A big mulatto man steps out from the swaying blacks. He folds his arms and throws his head back, stands by himself, a statue cut in yellow stone. On his bare arm and neck mounts and ridges of muscle, salient in thelight of the gasoline torches.

The stranger attracts the special attention of Leeston's two law enforcement officers. Sheriff Floyd Jett is the more sympathetic of the two, the least eager for confrontations, the most ready to let everyone have a good time. Marshall Steve Dodie, on the other hand, has hate in his eyes, "the same blind hate that has driven all the blacks out of Leeston, driven them to the railroad head and to the hills." Dodie is outraged when the mulatto is the first man to ring the bell with the hammer in the traditional carny test of strength game, while Jett is reminded of the Discus Thrower of classical sculpture. John Henry-like, the mulatto rings the bell repeatedly, finally doing it one-handed instead of with both hands. All the while, he's been exchanging dangerous glances with a white circus performer, "the woman in flesh-colored tights." Everyone knows that the man spells trouble. The blacks, fearing the whites' resentment at being shown up by the strongman, are as eager to keep their distance from the mulatto as he is to stand apart. Dodie is enraged when Jett lets the mulatto buy his ticket for the circus, but the sheriff himself realizes that the mulatto is almost thoughtlessly asking for trouble. He sits apart in the colored section, worryingly close to the white section. Tarleton tersely defines the tension in thriller-friendly present-tense prose.

Sheriff Jett sits down on the first tier of board seats where the seats begin to curve around at the end of the tent. The sheriff is sitting at the edge of the white folks; the mulatto at the edge of the blacks. Fifteen feet of bare board seats are between them. Fifteen feet of no man's land.

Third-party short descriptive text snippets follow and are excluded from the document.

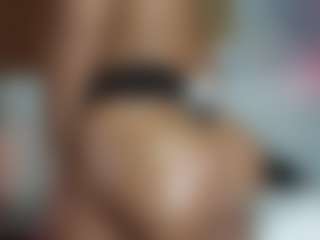 Live cam show with Madisson022 - Thick on https://playwithruby.com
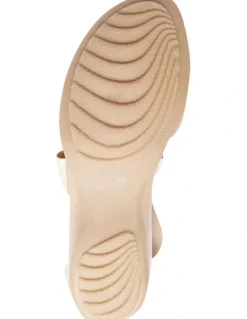 Wide Steps Chester Nude Glove Sandals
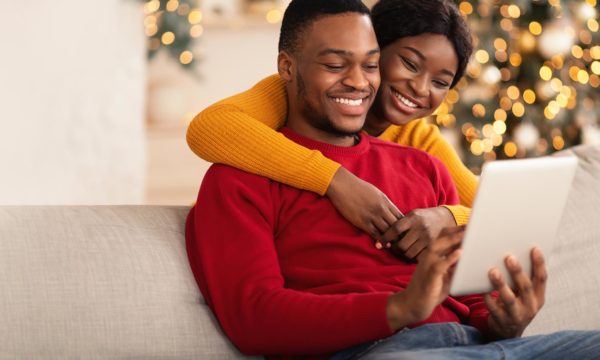 couple celebrating the holidays during pandemic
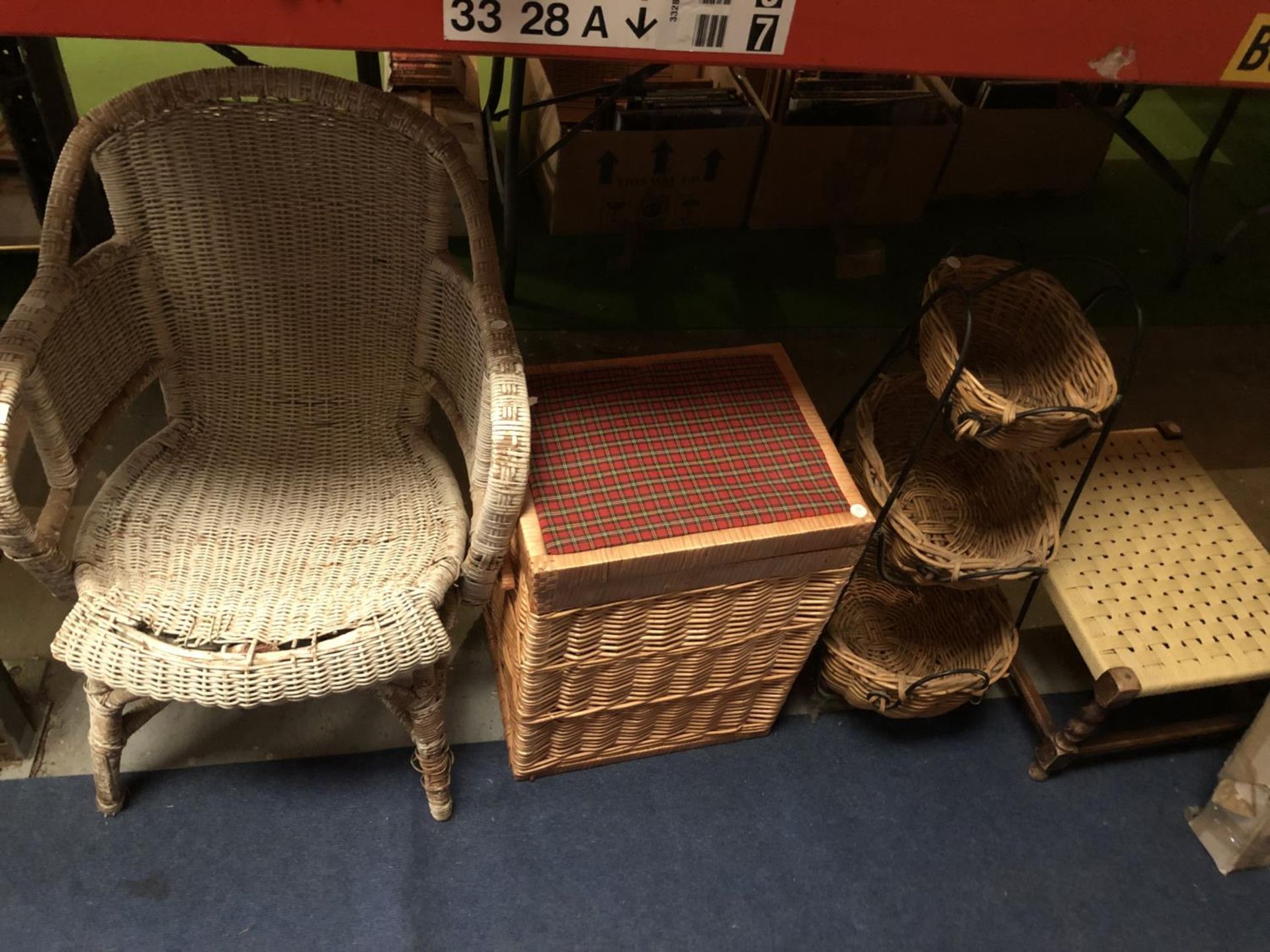 AN ASSORTMENT OF WICKER WARE TO INCLUDE A LLOYD LOOM CHAIR (A/F) AND VEGETABLE STAND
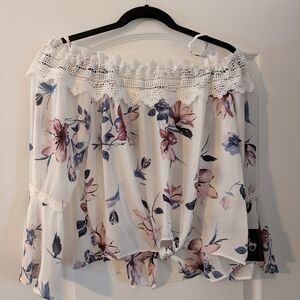 Floral Lace Trim Off-Shoulder Blouse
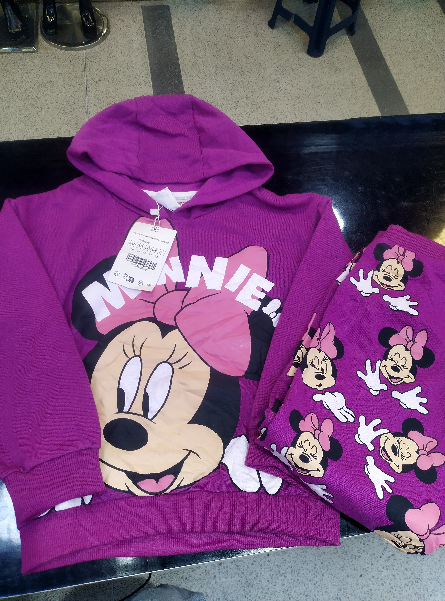 Zara Minnie Morada(capota)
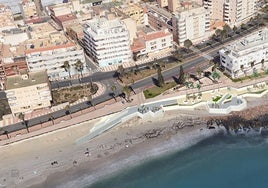 Imagen panorámica de la playa de la Bajadilla, ubicada en la localidad de Roquetas.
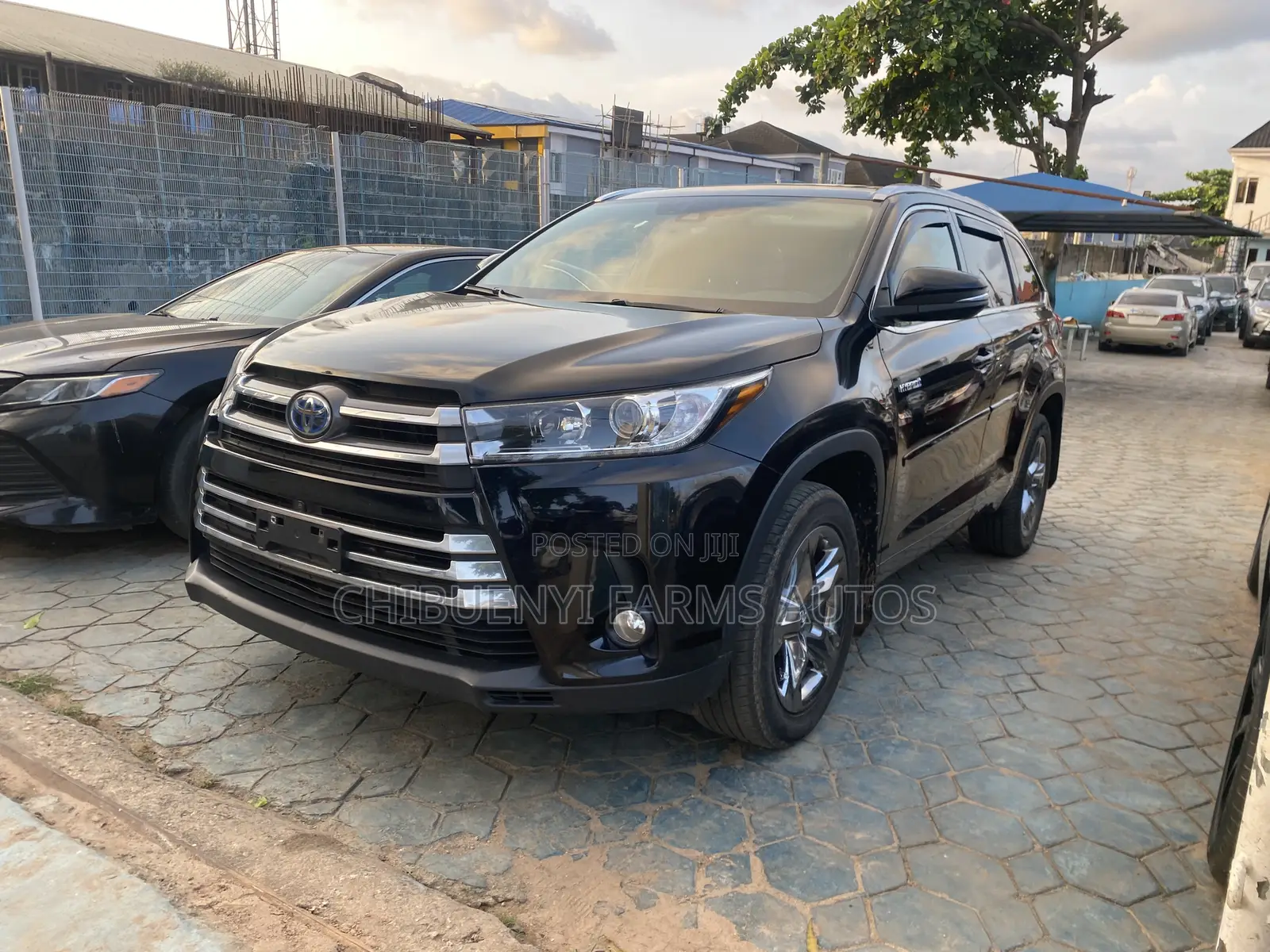 Toyota Highlander Limited Platinum 4x2 V6 (3.5L 6cyl 8A) 2018 Black
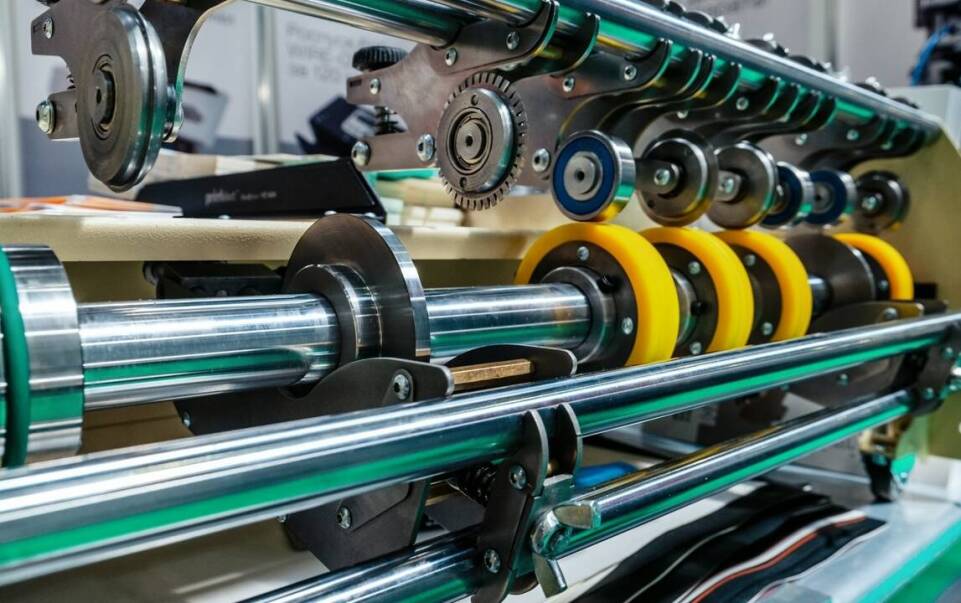 Proces produkcji gumy dzianej – od nici do gotowego produktu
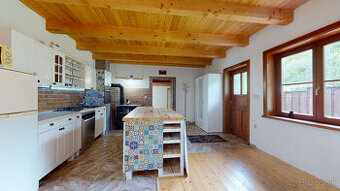 CHALUPA S MOŽNOSŤOU CELOROČNÉHO BÝVANIA V HRABIČOVE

Tarleton expertly uses that distance to ratchet the tension one foot at a time as the mulatto shifts himself closer to the white section while Jett judges when to intercept him, while Dobie watches grimly from the first row. The mulatto's gaze shifts from the woman in flesh-colored tights to his own forearm as he compulsively picks at his "yellow" skin. Once he gets a "familiar" look in his eyes the sheriff knows he has to take action, but the marshal acts first.

*   *   *

Hoffman has nothing to say about Tarleton or his story in this issue's "Camp-Fire" section, but the editor does go off on a rhetorical flight against critics who dismiss Adventure for its "melodramatic" content, its "pages kept clean of sex," or the cheap paper it's printed on. He boasts that since the world war "there has been a very pronounced turning to our magazine because it tries hard to keep clean from sex, loose ethics generally, effeminacy and decadence." The interesting thing about his tirade is that, despite whatever reputation for reactionary conservatism pulp might have, Hoffman's strictures leave room for a story like "Color." He may have had that specific story in mind when he asks "How many of them, in a magazine of highly calendered paper, would still seem melodramatic" to critics. The editor concludes that the pulp format "admits to our blaze only those who form their own judgments and form them from facts, not opinions or theories." Posterity's judgment may yet prove more favorable to Adventure than even Hoffman could imagine.